- **Activity**
The part below that opens with the line containing "Female florist working" and closes with the line containing "17922 Genoa Drive, Lakeville, MN 55024" should be copied exactly, minus any pictures.

- **Records for this task**
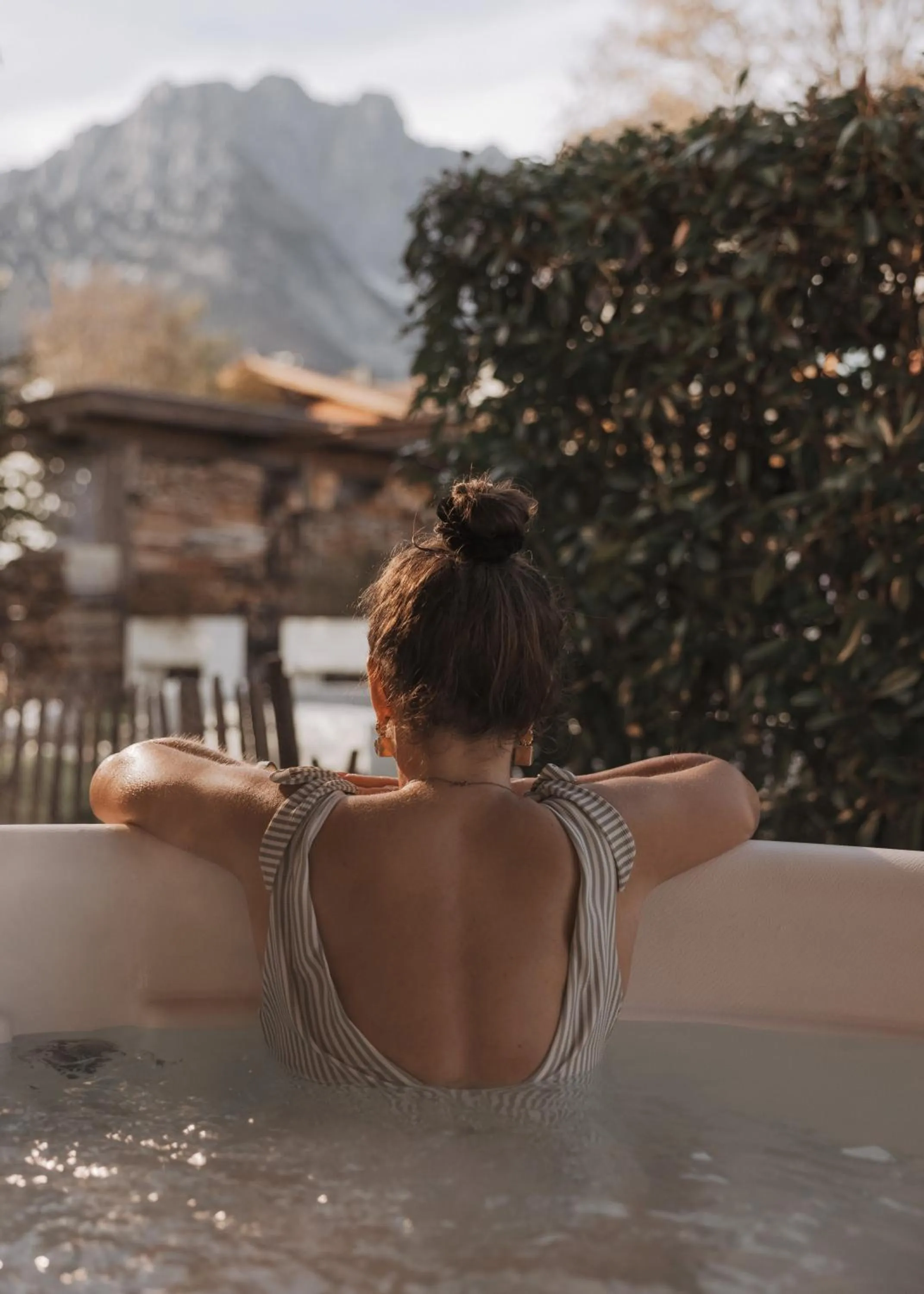 Hot Tub in GOING TRIPLE A apartments WEST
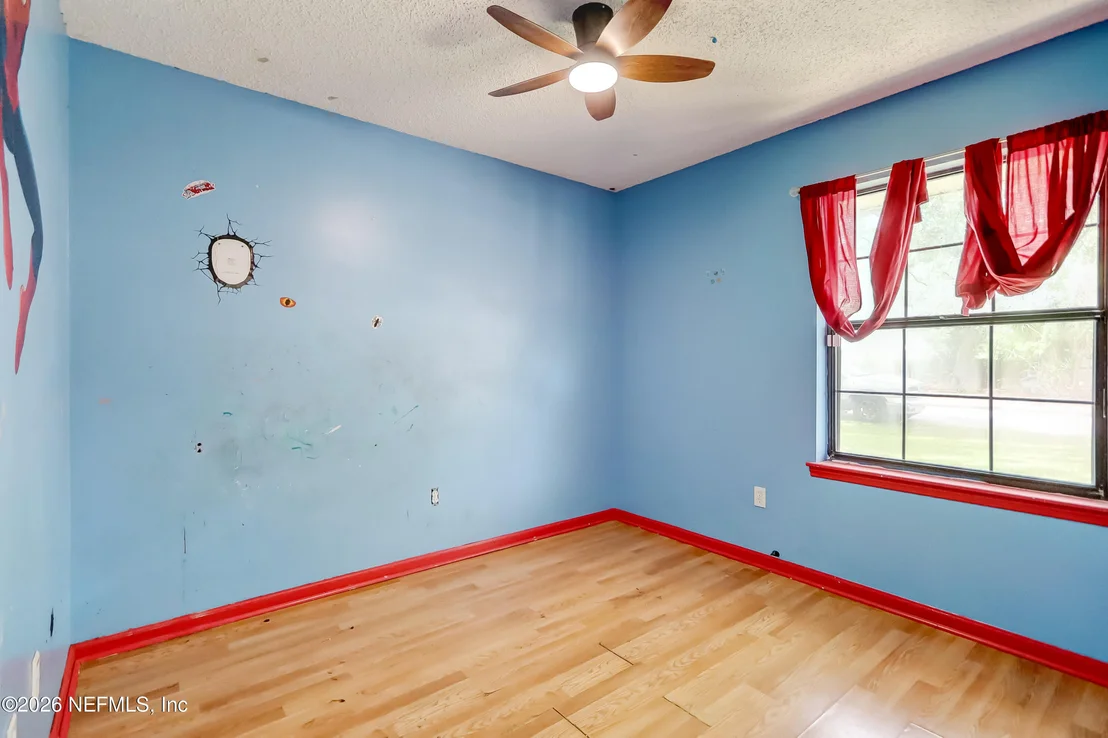 Photo of 261 CORNELL Road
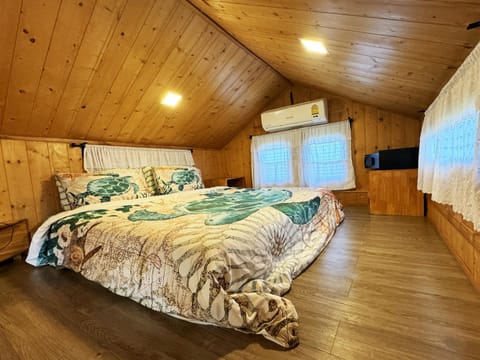 Bed, Photo of the whole room, Bedroom, air conditioner
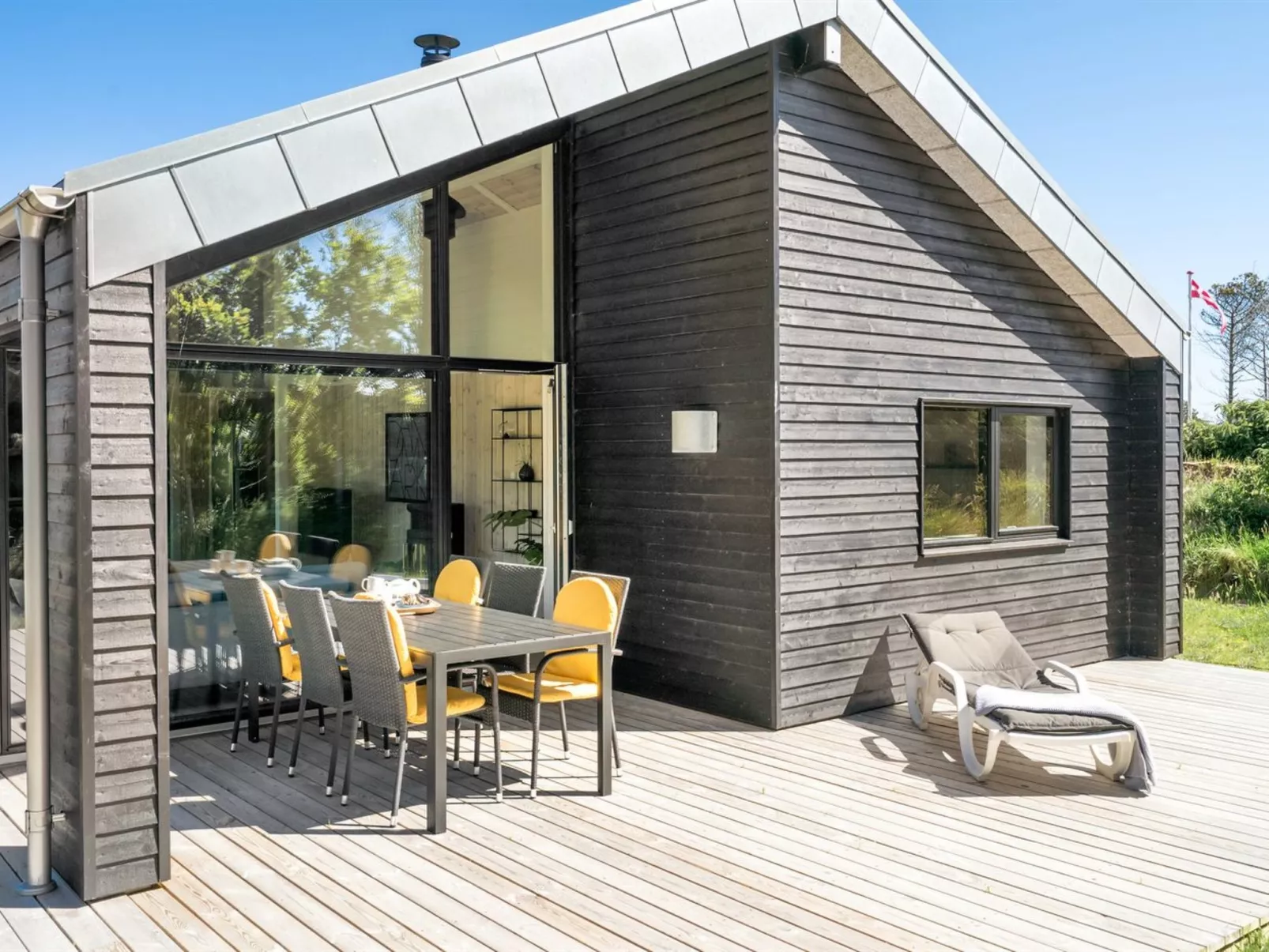 "Ilmarinen" - 561m from the sea-Buiten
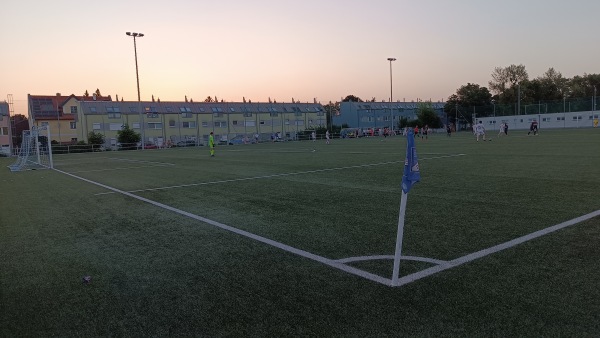 Sportplatz Essling Nebenplatz - Wien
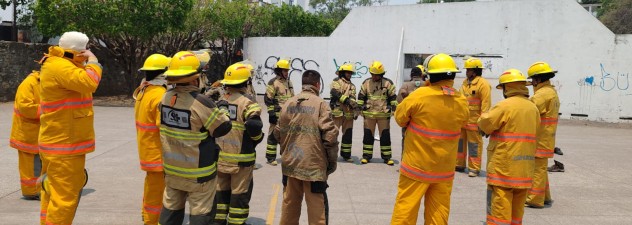 Capacita Secretaría de Administración a Brigada Interna de Protección Civil en materia de prevención y combate de incendios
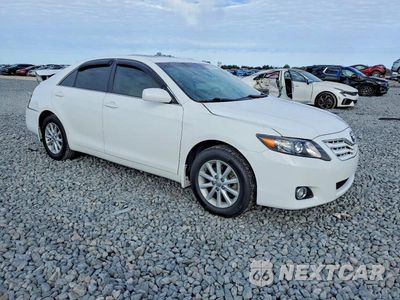 Czwarte zdjęcie samochodu z boku: 2010 TOYOTA CAMRY XLE VIN:4T1BF3EK6AU556144 - miniatura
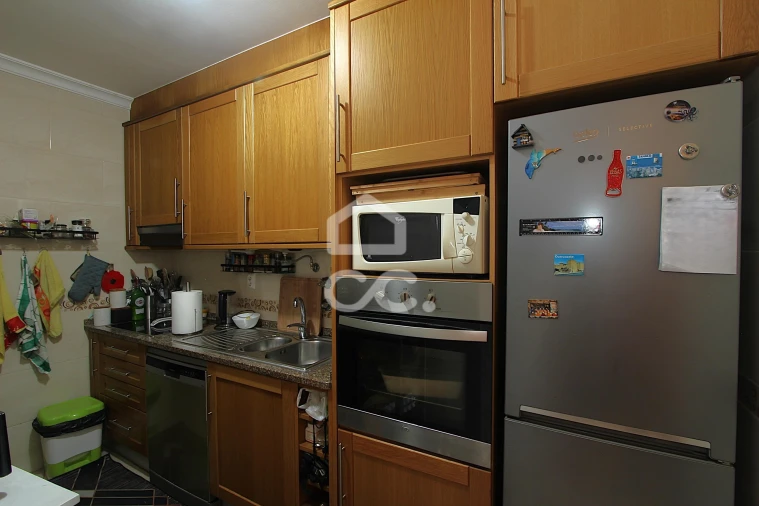 Apartamento T1 para Venda em Armação de Pera Foto 9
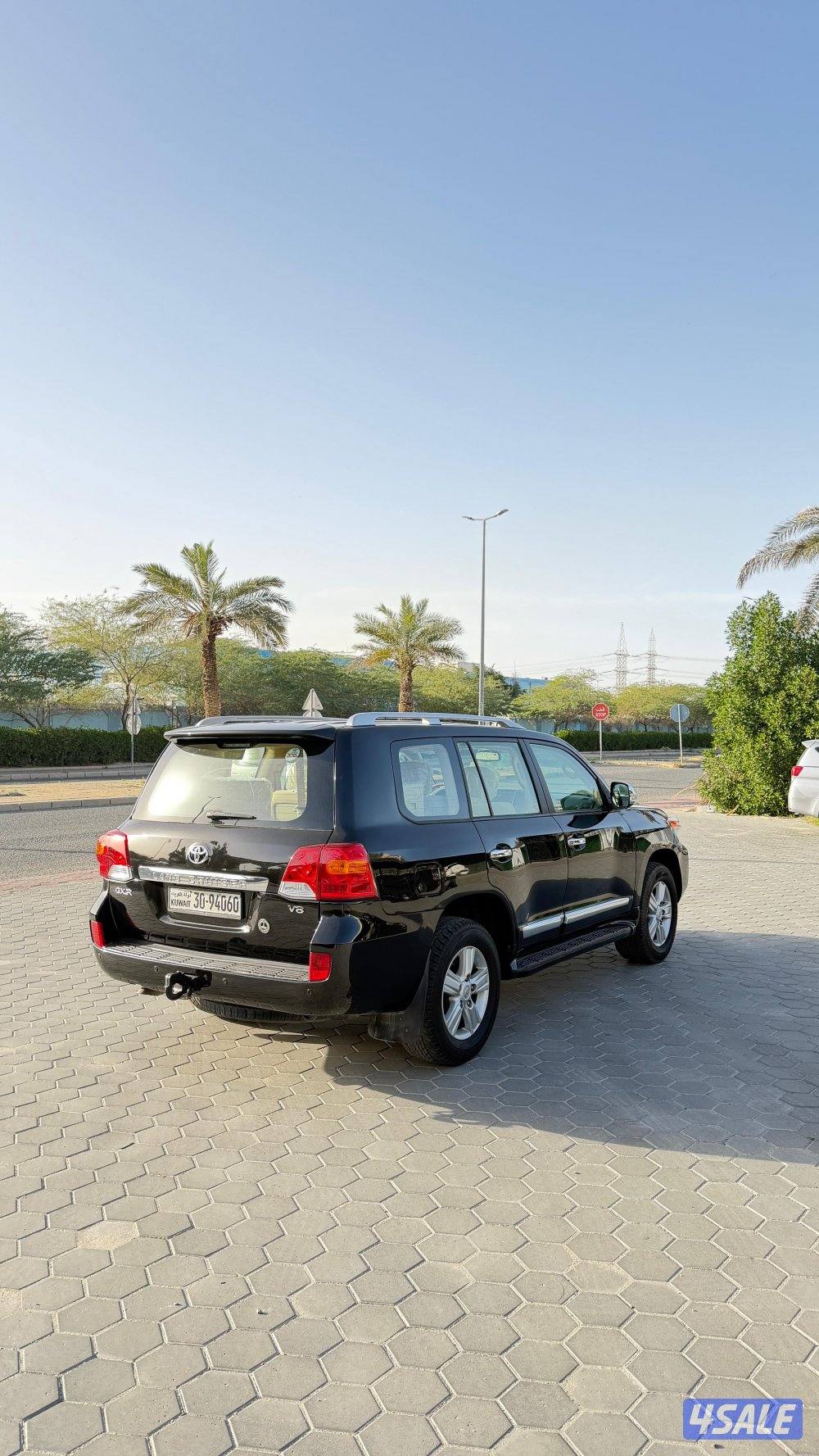 للبيع لاند كروزر GXR موديل 2015 ماشي 270 الف 8سلندر1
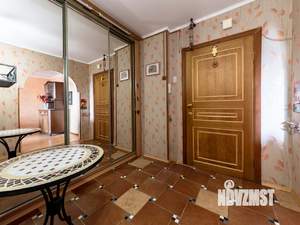 3-к квартира, вторичка, 109м2, 6/8 этаж
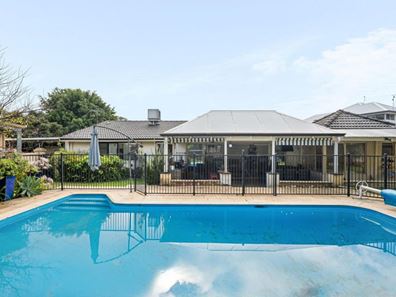 25 and 25A Barrisdale Road, Ardross WA 6153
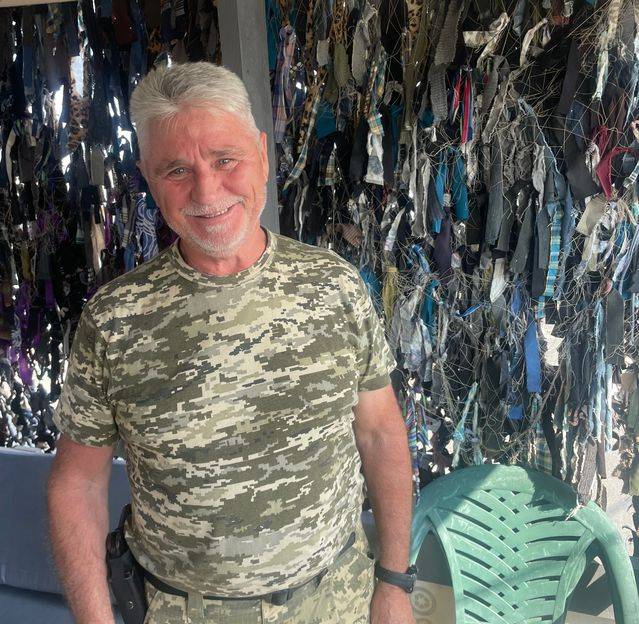 우크라이나 남부 지역 출신 퇴직 판사인 빅토르 포몬(61)은 “지금 이렇게 이 일을 하지 않으면 내 아이와 손주들은 평화로운 미래를 갖지 못할 것”이라고 말했다.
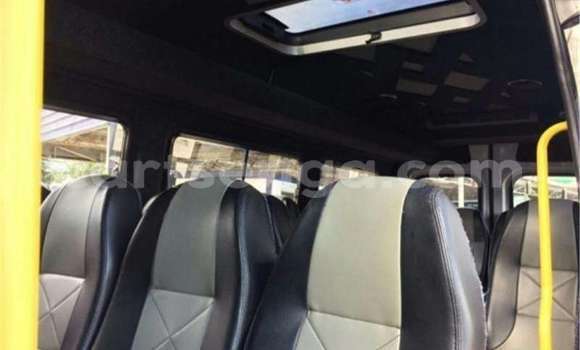 Buy Used Mercedes‒Benz 300CD White Car in Hlatikulu in Shiselweni District Buy Used Mercedes‒Benz 300CD White Car in Hlatikulu in Shiselweni District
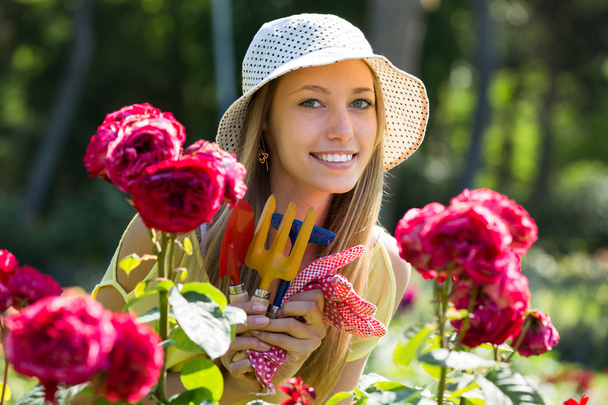 Female florist working in garden - Foto, imagen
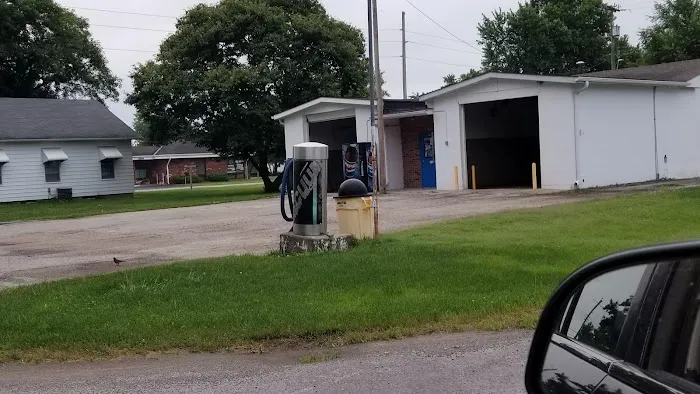 Gillespie Car Wash Picture 2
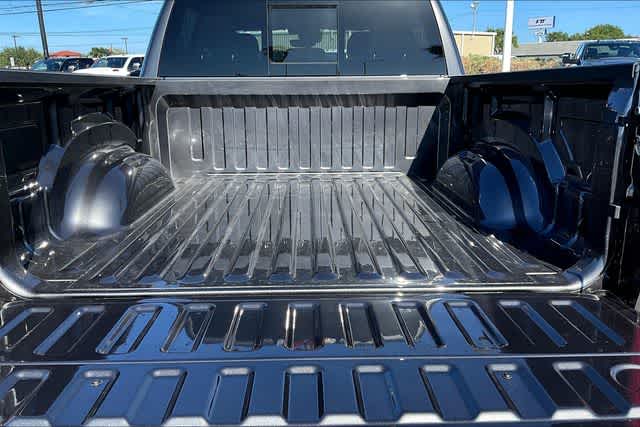 Thumbnail: 2026 RAM 1500 - 19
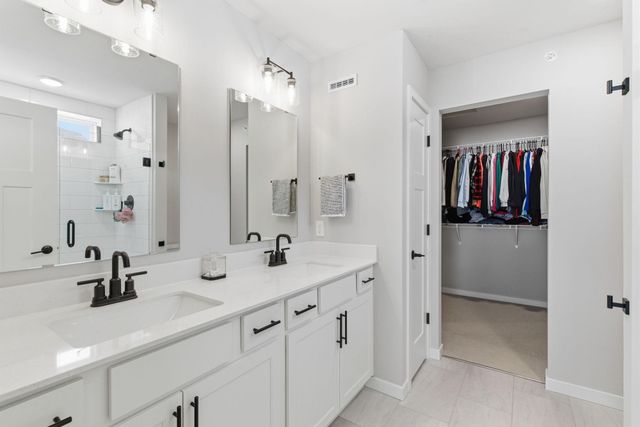 17922 Genoa Drive, Lakeville, MN 55024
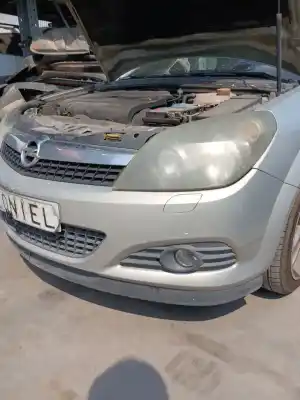 Second-hand car spare part front bumper for opel astra h twintop (a04) 1.9 cdti (l67) oem iam references 13110295  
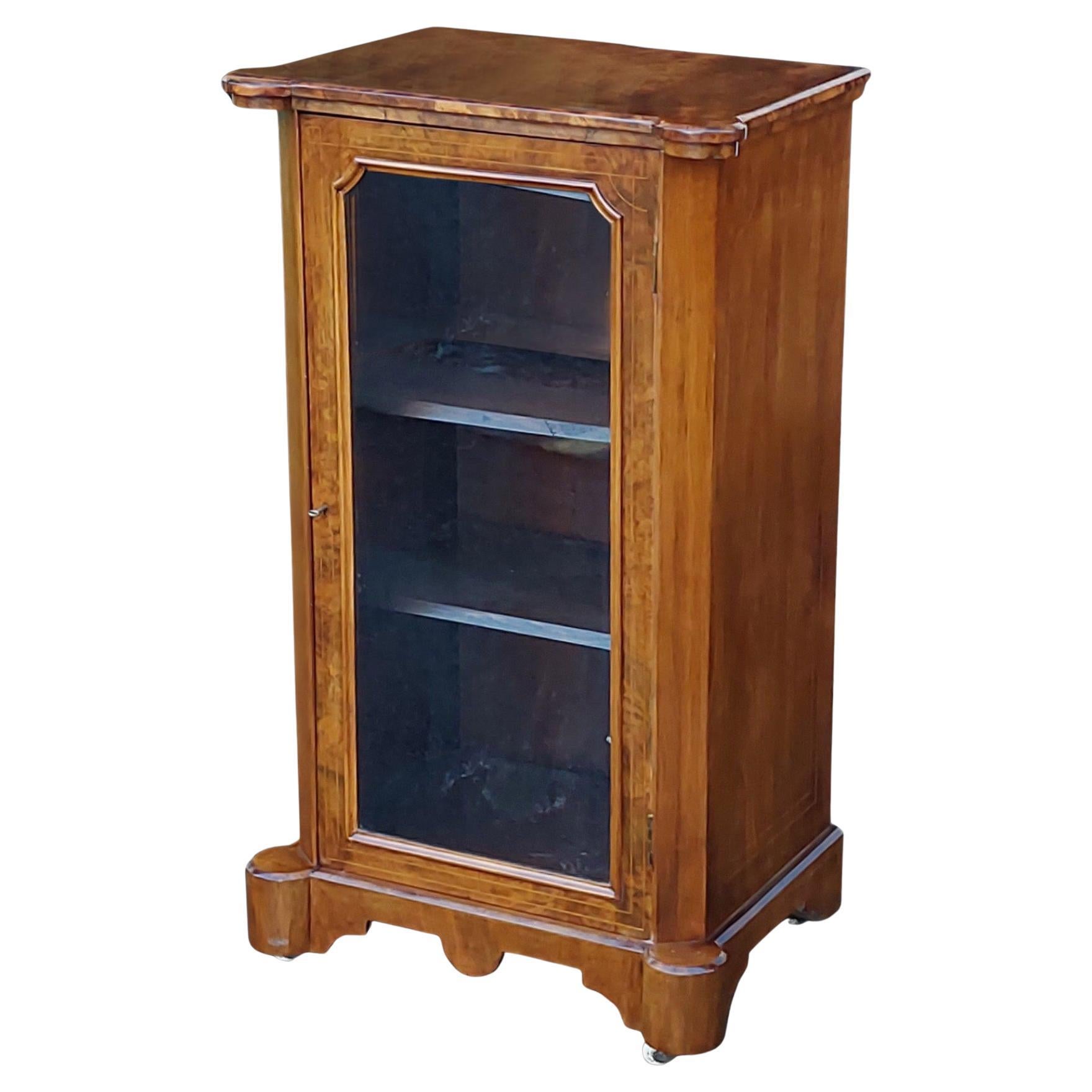 Mobile musicale vittoriano in noce nero in vendita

- **Answer to this task**
 Female florist working in garden - Foto, imagen
 Gillespie Car Wash Picture 2
 Thumbnail: 2026 RAM 1500 - 19
 17922 Genoa Drive, Lakeville, MN 55024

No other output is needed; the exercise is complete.